The definition of the upper cell of the graph in Section 3.1 is now complete. The code block from the LAYOUT OVERLAY to ENDLAYOUT in the above program that is enclosed in the brace defines the upper cell. As we go ahead with building this graph, we will refer to this block of code as the “upper cell,” and we will not display its contents to save space.

3.6 Adding the Title and Footnote

In the program shown below, <Upper cell plot statements> represents the statements needed to create the histogram. We need the space to show the statements that we use to enhance the graph.

  proc template;

       define statgraph gtl.dist6;

            begingraph;

                entrytitle

                      'Distribution of Mileage';

                entryfootnote halign=left

                      'Excluding Hybrids';

                layout overlay /xaxisopts=

                             (display=(ticks

                               tickvalues));

                       < upper cell

                           plot statements >

                  endlayout;

            endgraph;

       end;

  run;

image

Here we have added a title and a footnote. These statements must be placed within the context of the outermost BEGINGRAPH block. The TITLE and FOOTNOTE statements can be placed anywhere in the outer block. The title is always drawn at the top of the graph, and the footnote is always drawn at the bottom. Multiple title and footnote statements can be provided, and they are drawn in the order in which they are specified. For the footnote, we have specified HALIGN=left.

Since the title already contains the reference to the analysis variable, it is not necessary to include the x-axis label, which displays the same information. So, to reduce unnecessary ink in the graph, we have suppressed the display of the x-axis label by setting the DISPLAY suboptions in the XAXISOPTS option. Here we have excluded LABEL from the list of suboptions.

This is the preferred way to remove an axis label and recover the space normally reserved for it. We could provide a blank label by setting LABEL=” ” for the x-axis. In this case, a blank label would be drawn, and the space for the label would still be reserved.

This axis setting illustrates an important aspect of the GTL graph structure. As mentioned earlier, multiple plots statements can be included inside a LAYOUT OVERLAY. These plots are overlaid, and the axis data range is the union of the data ranges from all the plots in the overlay container.

One implication of this is that the axis does not belong to any one plot, but to the overlay container (another term for a layout).

So, the options to customize any of the axes are on the LAYOUT OVERLAY statement, and not on one of the plot statements. None of the plot statements have any axis options. In this case, we want to suppress the axis label for the x-axis. To do this, we use the XAXISOPTS option on the LAYOUT OVERLAY statement and set the appropriate suboption. We will examine the various options available for the axes in subsequent chapters.

3.7 Adding a Separate Horizontal Box Plot

The graph that we have built so far is a typical single-cell graph. The graph in Section 3.6 has one data area that contains the combination of three plots and a legend. The graph has a title and a footnote.

Now we want to take a step beyond the simple one-cell graph. GTL supports nesting of layout statements, but there can be only one root layout for the entire tree of layouts. There can be multiple title and footnote statements inside the BEGINGRAPH block. But there can be only one nested block of layout statements.

So, we will nest the “upper-cell” and a new “lower-cell” in another outer level layout as shown in bold outline in the figure on the right.

The graph in the upper cell is defined by the entire Layout Overlay – End layout block along with all the statements contained in between as shown below.

image

  <Upper-cell> =

layout overlay / <options>;

    histogram var / <options>;

    densityplot var / <options>;

    densityplot var / <options>;

    discretelegend <name> / <options>;

endlayout;

To create an outer container, we will use the LAYOUT LATTICE statement. This layout is very versatile, and will be described in full in subsequent chapters. At this point, it will suffice to say that, unlike the LAYOUT OVERLAY, a LAYOUT LATTICE subdivides the available graph space into a regular grid of rows and columns as specified by the ROWS and COLUMNS options on the statement.
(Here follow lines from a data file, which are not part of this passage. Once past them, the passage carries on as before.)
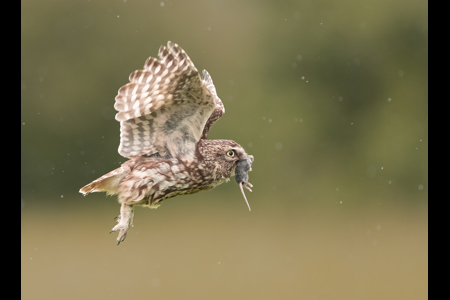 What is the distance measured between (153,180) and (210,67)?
14.4 metres

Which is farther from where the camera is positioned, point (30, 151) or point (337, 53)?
point (337, 53)

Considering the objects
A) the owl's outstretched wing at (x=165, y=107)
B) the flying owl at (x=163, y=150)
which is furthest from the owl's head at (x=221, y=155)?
the owl's outstretched wing at (x=165, y=107)

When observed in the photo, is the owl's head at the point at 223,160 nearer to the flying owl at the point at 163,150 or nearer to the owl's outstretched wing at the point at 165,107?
the flying owl at the point at 163,150

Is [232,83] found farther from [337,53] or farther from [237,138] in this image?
[337,53]

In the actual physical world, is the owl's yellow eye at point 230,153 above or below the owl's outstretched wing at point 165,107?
below

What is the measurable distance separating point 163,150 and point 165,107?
472 millimetres

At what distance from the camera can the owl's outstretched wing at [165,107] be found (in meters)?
6.10

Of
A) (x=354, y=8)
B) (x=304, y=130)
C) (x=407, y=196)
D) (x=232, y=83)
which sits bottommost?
(x=407, y=196)

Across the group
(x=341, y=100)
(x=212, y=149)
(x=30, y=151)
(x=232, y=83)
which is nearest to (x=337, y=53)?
(x=341, y=100)

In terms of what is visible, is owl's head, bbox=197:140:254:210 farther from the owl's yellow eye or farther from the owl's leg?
the owl's leg

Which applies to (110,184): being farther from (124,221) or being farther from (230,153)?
(230,153)

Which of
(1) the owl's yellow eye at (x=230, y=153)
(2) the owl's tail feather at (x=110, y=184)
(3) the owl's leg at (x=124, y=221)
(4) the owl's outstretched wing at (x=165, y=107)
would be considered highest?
(4) the owl's outstretched wing at (x=165, y=107)

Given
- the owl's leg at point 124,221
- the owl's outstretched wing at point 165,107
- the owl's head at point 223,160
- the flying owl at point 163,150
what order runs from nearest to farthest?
1. the owl's outstretched wing at point 165,107
2. the flying owl at point 163,150
3. the owl's leg at point 124,221
4. the owl's head at point 223,160

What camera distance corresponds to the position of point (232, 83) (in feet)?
68.8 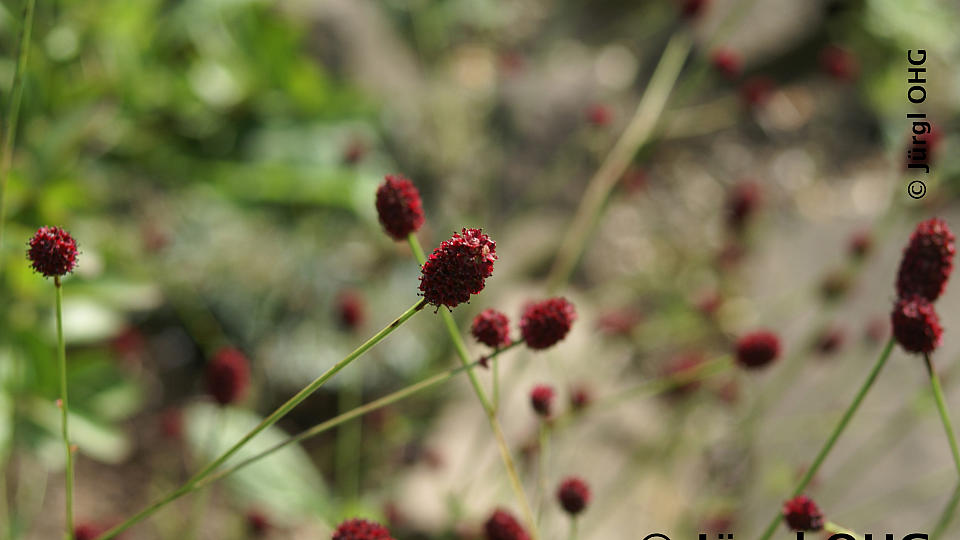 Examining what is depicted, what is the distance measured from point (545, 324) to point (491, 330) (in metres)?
0.05

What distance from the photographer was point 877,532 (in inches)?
67.7

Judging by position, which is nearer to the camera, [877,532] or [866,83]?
[877,532]

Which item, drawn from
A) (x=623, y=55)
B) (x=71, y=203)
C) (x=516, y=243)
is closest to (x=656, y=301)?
(x=516, y=243)

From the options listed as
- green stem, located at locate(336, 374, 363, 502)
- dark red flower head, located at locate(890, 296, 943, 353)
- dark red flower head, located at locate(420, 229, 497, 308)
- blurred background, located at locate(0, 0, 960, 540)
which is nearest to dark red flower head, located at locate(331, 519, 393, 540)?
dark red flower head, located at locate(420, 229, 497, 308)

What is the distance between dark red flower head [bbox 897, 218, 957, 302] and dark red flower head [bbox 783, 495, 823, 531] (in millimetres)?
236

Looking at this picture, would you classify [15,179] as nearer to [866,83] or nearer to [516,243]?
[516,243]

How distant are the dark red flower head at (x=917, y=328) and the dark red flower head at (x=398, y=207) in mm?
491

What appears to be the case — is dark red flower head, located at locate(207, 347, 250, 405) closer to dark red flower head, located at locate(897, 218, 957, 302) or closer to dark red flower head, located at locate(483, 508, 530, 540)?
dark red flower head, located at locate(483, 508, 530, 540)

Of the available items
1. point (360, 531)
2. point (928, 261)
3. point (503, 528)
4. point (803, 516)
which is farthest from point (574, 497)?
point (928, 261)

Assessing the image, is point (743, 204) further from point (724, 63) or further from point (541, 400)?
point (541, 400)

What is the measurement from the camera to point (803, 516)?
32.1 inches

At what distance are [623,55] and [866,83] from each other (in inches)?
40.8

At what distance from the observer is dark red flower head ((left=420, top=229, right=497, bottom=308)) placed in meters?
0.63

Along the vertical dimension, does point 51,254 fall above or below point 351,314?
below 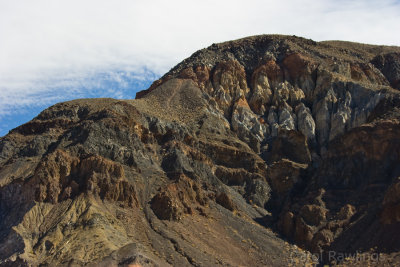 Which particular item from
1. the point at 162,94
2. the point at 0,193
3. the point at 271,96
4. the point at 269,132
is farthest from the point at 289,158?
the point at 0,193

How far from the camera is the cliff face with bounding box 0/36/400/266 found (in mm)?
77494

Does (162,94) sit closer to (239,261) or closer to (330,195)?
(330,195)

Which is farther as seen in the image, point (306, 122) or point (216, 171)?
point (306, 122)

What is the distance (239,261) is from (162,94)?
57052 millimetres

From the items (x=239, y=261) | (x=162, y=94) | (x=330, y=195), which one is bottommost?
(x=239, y=261)

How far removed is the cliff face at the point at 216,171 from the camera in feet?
254

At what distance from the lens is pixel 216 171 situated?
10688 centimetres

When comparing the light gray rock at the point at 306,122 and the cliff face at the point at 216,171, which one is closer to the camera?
the cliff face at the point at 216,171

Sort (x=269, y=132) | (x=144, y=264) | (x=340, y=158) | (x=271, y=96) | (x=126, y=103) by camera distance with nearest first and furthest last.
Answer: (x=144, y=264) < (x=340, y=158) < (x=126, y=103) < (x=269, y=132) < (x=271, y=96)

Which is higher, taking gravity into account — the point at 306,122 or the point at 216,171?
the point at 306,122

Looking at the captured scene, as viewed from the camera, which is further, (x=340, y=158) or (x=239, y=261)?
(x=340, y=158)

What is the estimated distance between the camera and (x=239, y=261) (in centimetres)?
7969

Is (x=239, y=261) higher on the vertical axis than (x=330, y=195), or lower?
lower

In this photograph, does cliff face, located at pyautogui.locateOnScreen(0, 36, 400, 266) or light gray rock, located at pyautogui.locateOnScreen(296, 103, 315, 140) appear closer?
cliff face, located at pyautogui.locateOnScreen(0, 36, 400, 266) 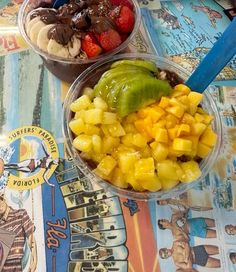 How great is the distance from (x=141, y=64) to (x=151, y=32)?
0.28 m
The layout can have a grid of N rows and M columns. For our purposes, we need a grid of two rows and one column. We use the LAYOUT LATTICE statement as shown in the program below. Here we have set COLUMNS=1 outside the upper-cell block. Inside the layout Lattice, we have placed the upper-cell along with a new lower-cell block.

The program shown below on the left creates a graph with two cells of equal height. The graph is shown below on the right. The outer layout lattice itself is not visible, but you could turn on the borders to see each cell outlined. The upper cell contains the layout overlay contents from Section 3.6. In the lower cell, we have added a horizontal box plot, with the analysis variable mpg_city.

Each cell has its own set of independent X and Y axes (if appropriate). Since the horizontal box plot has no X role (mapped to the Y axis), there is no Y axis for the lower cell.

 proc template;

       define statgraph gtl.dist7;

             begingraph;

                   entrytitle <options>;

                   entryfootnote <options>;

                   layout lattice/columns=1;

                        <upper-cell>

                      layout overlay;

                          boxplot y=mpg_city /

                                orient=horizontal;

                      endlayout;

                   endlayout;

             endgraph;

       end;

 run;

image

There are a couple of problems with this version of the graph:

1. The two x-axes do not have the same data range and are not aligned. They are not uniform.

2. We really do not need to use all the extra space to show both axes. We need one common external x-axis for both the cells. The data within each cell should be correctly aligned to this common external x-axis.

3.8 Using Uniform X-Axes

To ensure the data integrity of the graph, we need to make sure that the x-axis for both the cells are uniform as shown in the graph below on the right.

 proc template;

    define statgraph gtl.dist8;

       begingraph;

          entrytitle <options>;

          entryfootnote <options>;

          layout lattice / columns=1

                 columndatarange=union;

              <upper-cell>

              <lower-cell>

          endlayout;

       endgraph;

    end;

 run;

image

This is done simply by setting COLUMNDATARANGE=union on the layout lattice statement, as shown in the program and the graph below.

In the graph above, the x-axes for both the upper and lower cells have the same data range and the same axis tick values that are aligned with each other. This is essential to avoid misinterpretation of the graph, but the multiple x-axes still take up too much space.. So, let us fix that to provide more space for the plots.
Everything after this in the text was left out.